• **SOURCE INFORMATION**
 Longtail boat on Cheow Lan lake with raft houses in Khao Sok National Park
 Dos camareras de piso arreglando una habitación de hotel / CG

--

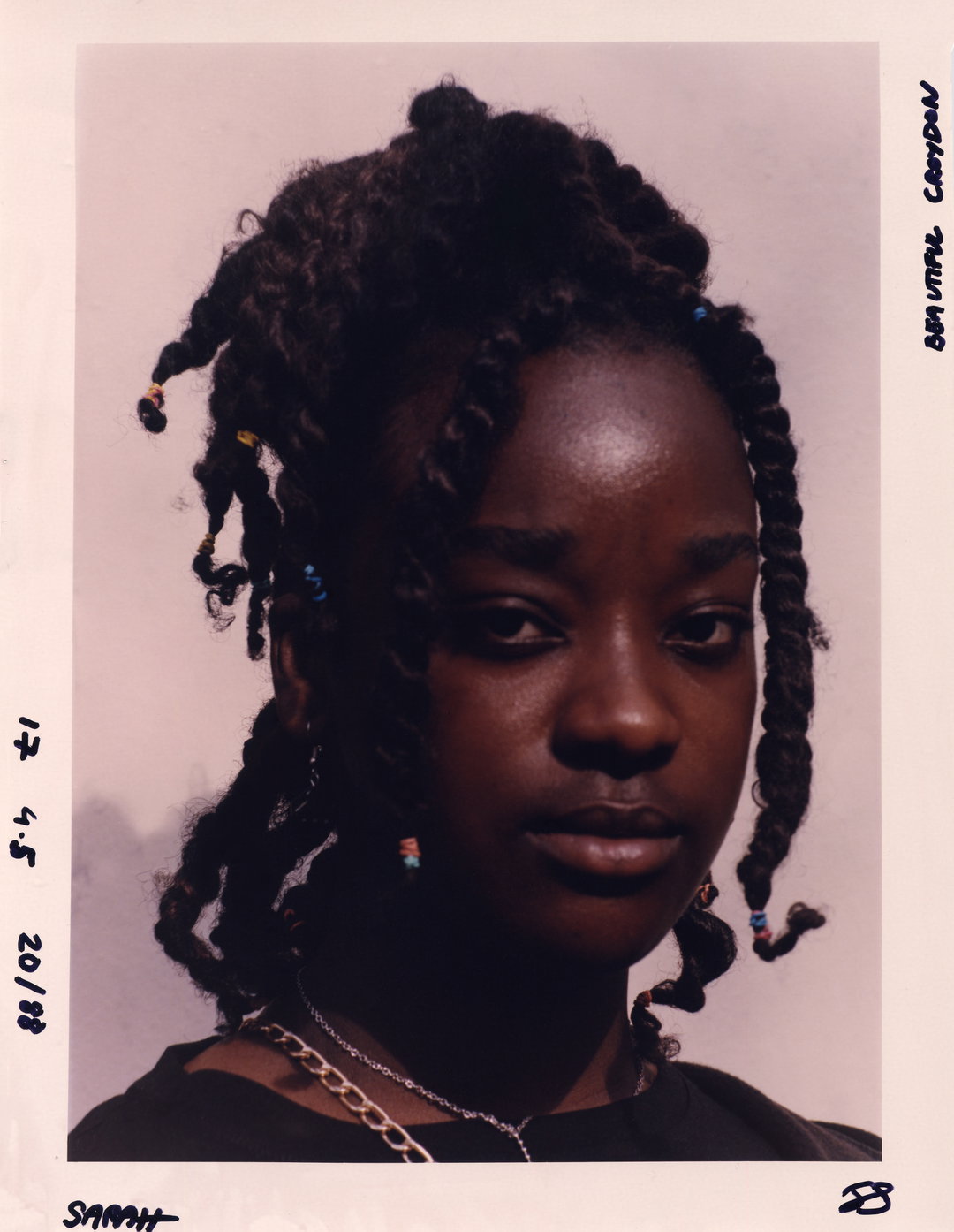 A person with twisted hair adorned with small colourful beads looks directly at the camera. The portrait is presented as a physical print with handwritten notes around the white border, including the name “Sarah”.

...

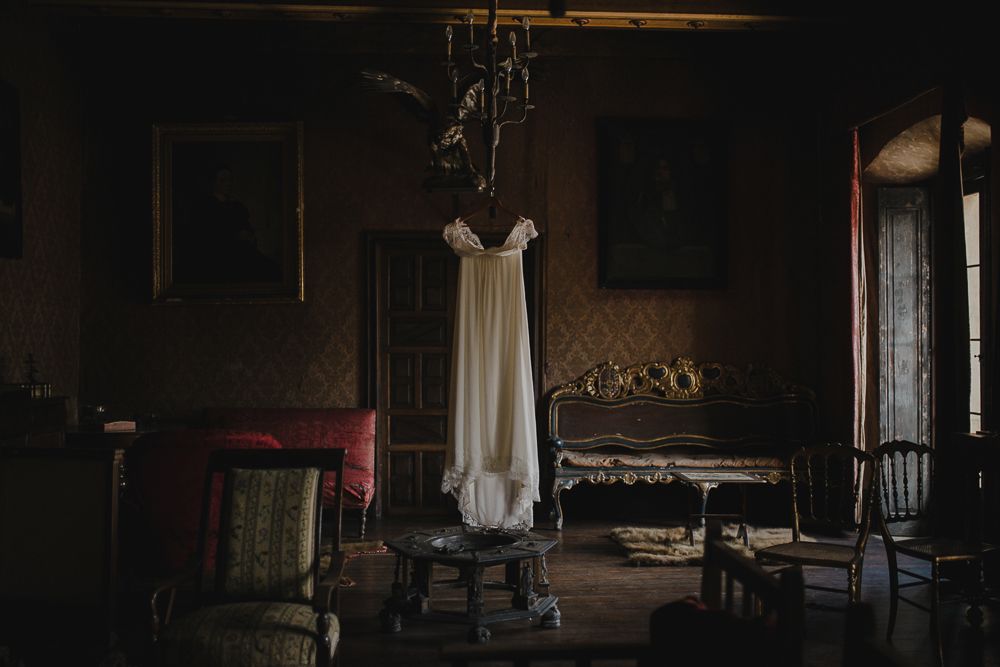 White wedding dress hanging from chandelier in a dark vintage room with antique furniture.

• **EXERCISE PROMPT**
From the entries above, restate word for word the lines from the line containing "Longtail boat on" to the line containing "Dos camareras de", both ends included, and nothing more.

• **SOLUTION FOR THIS TASK**
 Longtail boat on Cheow Lan lake with raft houses in Khao Sok National Park
 Dos camareras de piso arreglando una habitación de hotel / CG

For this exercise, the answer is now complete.